Integration of various services increases overall complexity and may impact performance.
Categorization of DBMS
By Data Model
Hierarchical DBMS
Tree-like model; procedural DML.
Network DBMS
Uses a network structure; procedural DML.
Relational DBMS (RDBMS)
Most popular, SQL-based.
Object-Oriented DBMS (OODBMS)
Niche market due to complexity.
Object-Relational DBMS (ORDBMS)
Extended relational model using OO concepts.
XML DBMS
Native XML or XML-enabled systems.
NoSQL DBMS
Focused on big and unstructured data.
By Degree of Simultaneous Access
Single User vs. Multi User
Connection management through dispatcher/server instances.
By Architecture
Centralized
Data is on a centralized server.
Client-Server
Active client requesting services from passive servers.
n-Tier
Client, application server, and database server configurations.
Cloud
Hosted by third-party providers.
Federated
Uniform access to multiple data sources.
In-Memory
Data stored in internal memory for speed.
By Usage
OLTP (On-line Transaction Processing)
Focus on operational data and high transaction volumes.

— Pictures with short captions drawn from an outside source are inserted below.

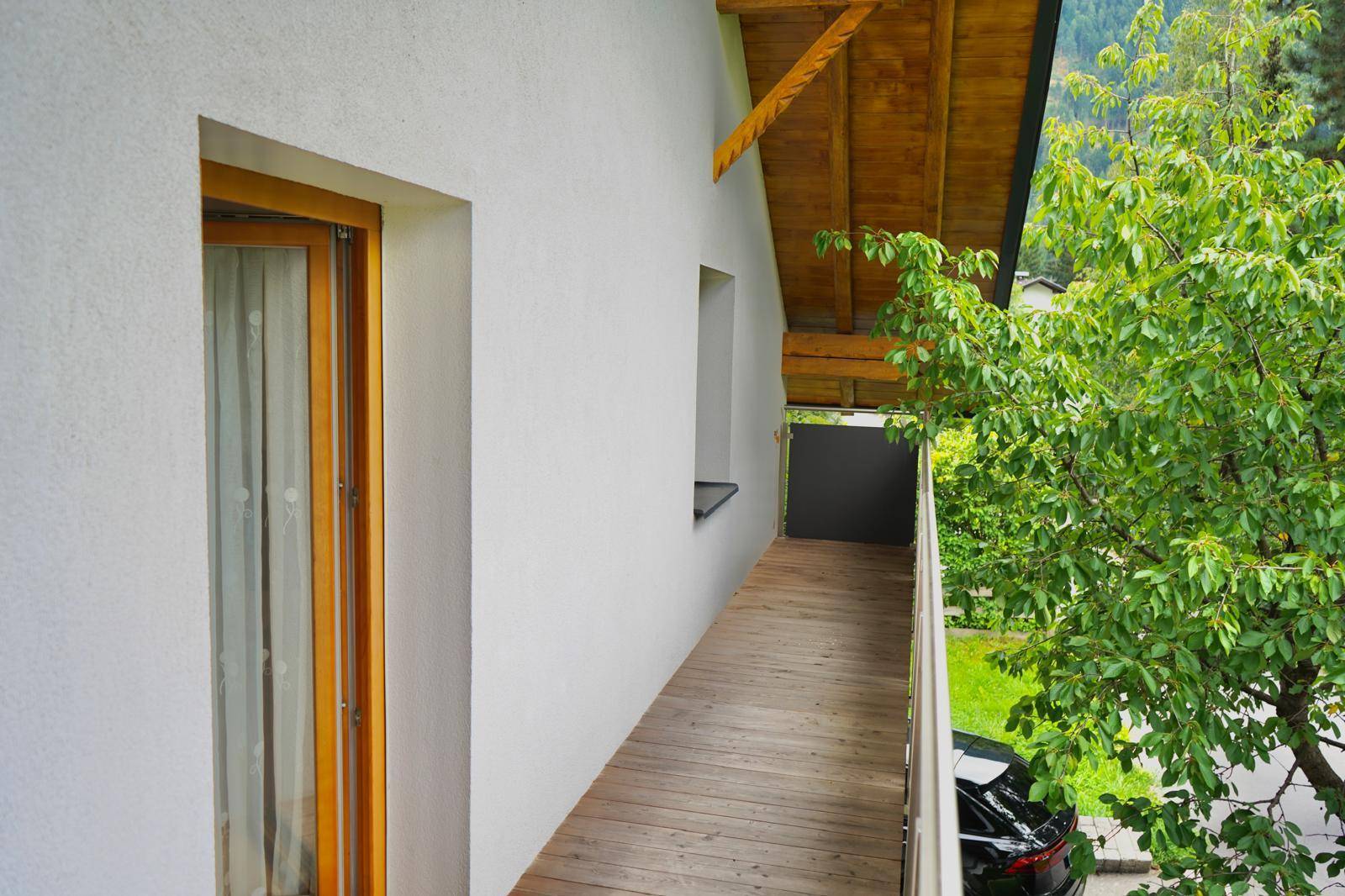 Langer Holzbalkon mit Geländer und Zugang zu den Zimmern, umgeben von Bäumen.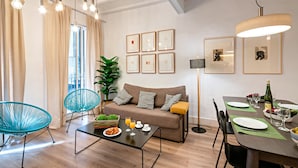 A modern living room with a sofa, two chairs, a dining table set for two, and a large window with curtains. - Born - Habitat Apartments (Barcelona)
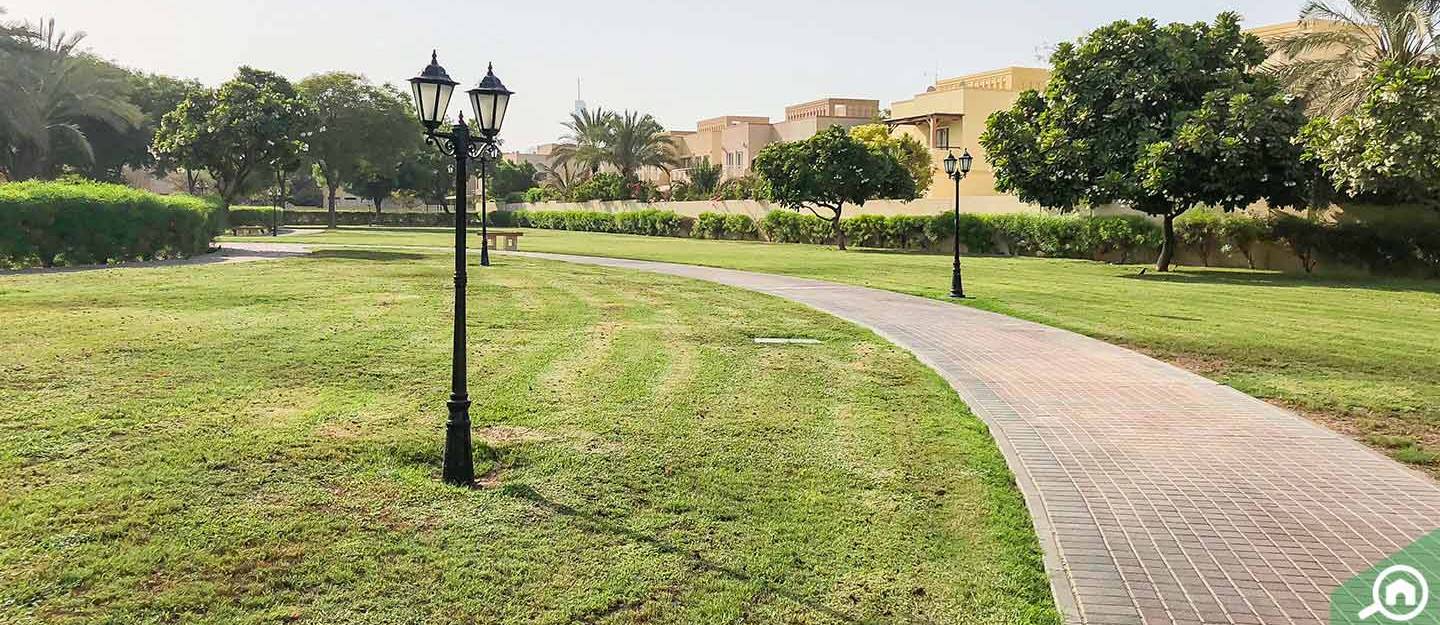 A view of a peaceful park in The Meadows Dubai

OLAP (On-line Analytical Processing)
Used for strategy-related decisions with complex queries.
Big Data & Analytics
Flexible, schema-less structures for unstructured data.
Multimedia
Storage and query capabilities for various multimedia types.
Spatial Applications
Supports geospatial data and GIS data management.
Sensor Data Management
Effective handling of data from sensors.